El gaucho, entre nosotros, se inició y floreció como contrabandista. Principió su existencia, en efecto, con las primeras vaquerías practicadas en nuestra tierra, mucho antes de que se pensara siquiera en fundar Montevideo. El gaucho pasó a ser, después, el brazo armado de todas las revoluciones y guerras civiles, comenzando por la gesta libertaria de 1811 y continuando por las contiendas partidarias o de banderías, desprovistas ya de aquella gloria emancipadora, en que supimos desangrarnos. Lo hacía de grado o por la fuerza. Lo esperaba, cuando menos, la leva forzosa, o la huida que lo convertía en un temido y perseguido matrero.
Algo parecido sucedió con el cowboy. En ambos se advierte ese fondo de violencia y de tragedia, que llevan sobre sí como una segunda piel, y que no siempre se debe a una índole díscola o perversa, sino a la abrumadora presión del entorno. Ya se trate de hombres o de mujeres, esta presión los sumerge en una soledad abrumadora, en una existencia degradada y en una violencia sin límites. Entre nosotros se destacan, en tal sentido, la novela Gaucha, de Javier de Viana, y Soledad, de Eduardo Acevedo Díaz, aunque podría nombrarse también a los argentinos José Hernández (Martín Fierro), Guillermo Hudson (La tierra purpúrea), Ricardo Güiraldes (Don Segundo Sombra) e incluso Jorge Luis Borges (“El matrero”). La lista, en todo caso, es larga, pero en definitiva, los gauchos y los cowboys, en sus infinitas expresiones, son seres pintorescos, y son también, aunque no siempre, seres heroicos.
Su heroicidad radica no solamente en el ansia (muy humana) de hallar en este mundo algo parecido al bienestar o la felicidad, sino, más que nada, en la lucha desesperada por seguir una ética, un mandato moral, una auto exigencia de ir tras la verdad y el bien aristotélicos, por encima de las condiciones reinantes y de su propia historia, que suele estar plagada de yerros, caídas y “pecados”. En la película, el protagonista le ha jurado a su perra que ya no matará a nadie. ‘No soy un ladrón, pero he sido un asesino’, llegará a exclamar.
En esta lucha por dejar atrás lo terrible del pasado, de redimirse y de encontrar un lugar propio en este mundo, se juega en buena medida el destino de algunos personajes. Eso es lo que los hace universales, porque a través de esa búsqueda se manifiesta, en definitiva, el juego de toda condición humana. Está, por ejemplo, el hijo del sheriff, una figura abominable, amparado a la sombra del poder de su padre, imbuido de soberbia, petulancia e impunidad, que cree que todas las cosas han sido puestas en el orbe para su exclusivo disfrute y beneficio.

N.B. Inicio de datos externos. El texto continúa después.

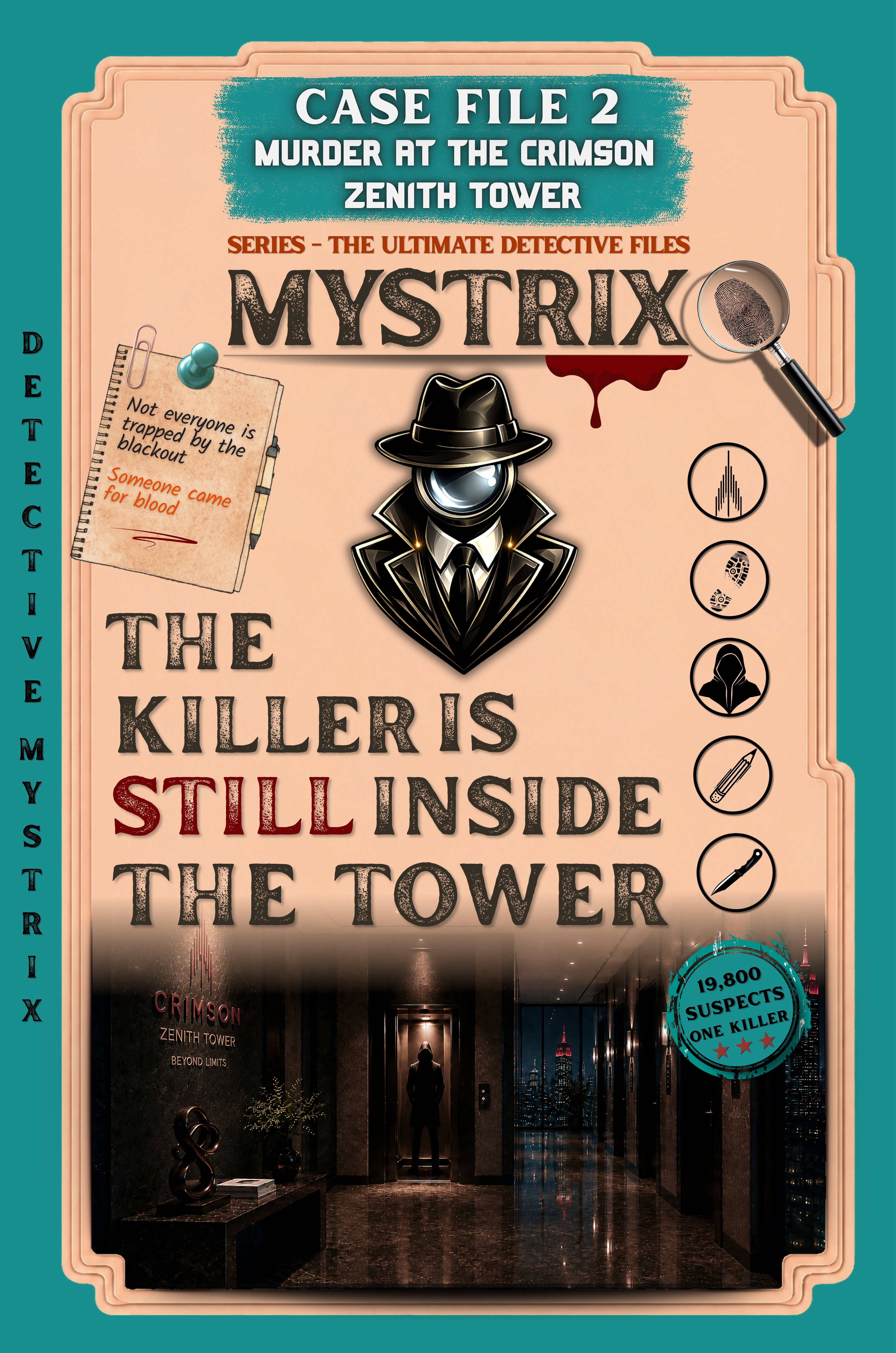 The Killer Is Still Inside The Tower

Como hijo protegido, no ha tenido que ganarse la vida, ni conoce por lo tanto el esfuerzo y el sacrificio desplegado por sus semejantes, y nada de lo que posee se debe a su mérito propio. No comprende, en suma, la complejidad de los hechos más simples de la vida, pero se cree con derecho a mandar a los otros, y su accionar es no solamente violento, cruel o insensible, sino vil y cobarde. Será este hijo, munido de semejantes atributos infelices, el que desatará con sus actos la tragedia que envolverá a todos los protagonistas, y esto es también un asunto universal, que planea por encima de cualquier argumento local o cultural.

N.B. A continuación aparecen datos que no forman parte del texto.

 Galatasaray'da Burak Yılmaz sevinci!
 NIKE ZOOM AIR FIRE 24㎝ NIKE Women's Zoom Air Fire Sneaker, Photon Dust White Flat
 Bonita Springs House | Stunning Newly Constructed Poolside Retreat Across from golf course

El protagonista principal, por su parte, se debate entre su afán de rescatarse a sí mismo (al hombre o a lo que queda de él), y la intempestiva venganza que se le presenta como un llamado acuciante. No narraré el final de la historia, pero diré que en esa lucha interna se juega siempre, en última instancia, nuestro más profundo ser moral, el que transcurre más allá de los mandatos del consumo, del interés mezquino de las pulseadas politiqueras y de las admoniciones de una ética heterónoma, o sea exterior y ajena, venga de donde venga. Porque, como dice Kant, la verdadera y única moral proviene del legislador interior, más implacable y severo que cualquier iglesia o cacique de este mundo o del otro.